**Work to be completed**.
Give back the full listing as written. No pictures go with it.

**Source data**.
————
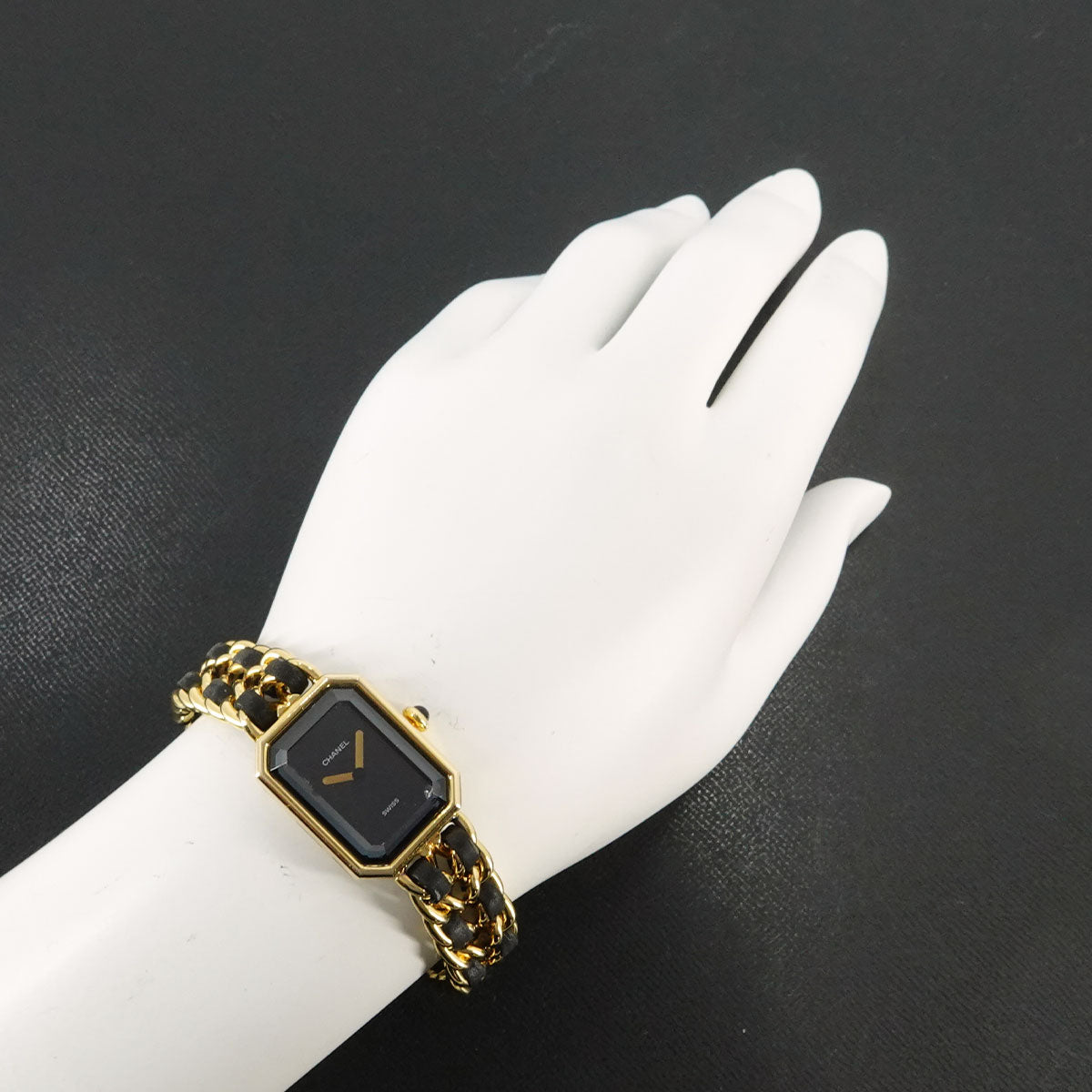 Premiere Size L H0001 Vintage Quartz Black Dial Ladies Watch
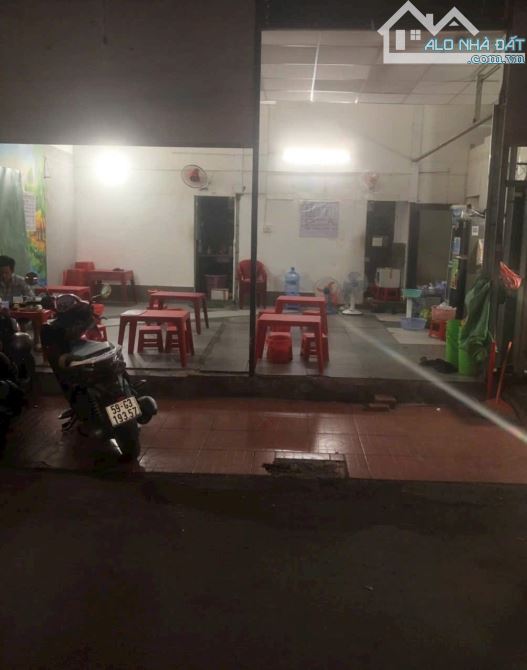 Cho thuê mặt bằng kinh doanh 9x7 trống suốt có 1phòng ngủ - 3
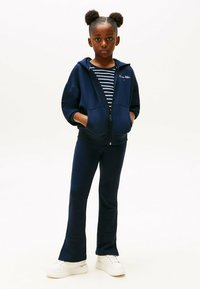 Tommy Hilfiger - VARSIT FLARED - Pantalones - navy blue Imagen en miniatura 1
————
**Completed task**.
 Premiere Size L H0001 Vintage Quartz Black Dial Ladies Watch
 Cho thuê mặt bằng kinh doanh 9x7 trống suốt có 1phòng ngủ - 3
 Tommy Hilfiger - VARSIT FLARED - Pantalones - navy blue Imagen en miniatura 1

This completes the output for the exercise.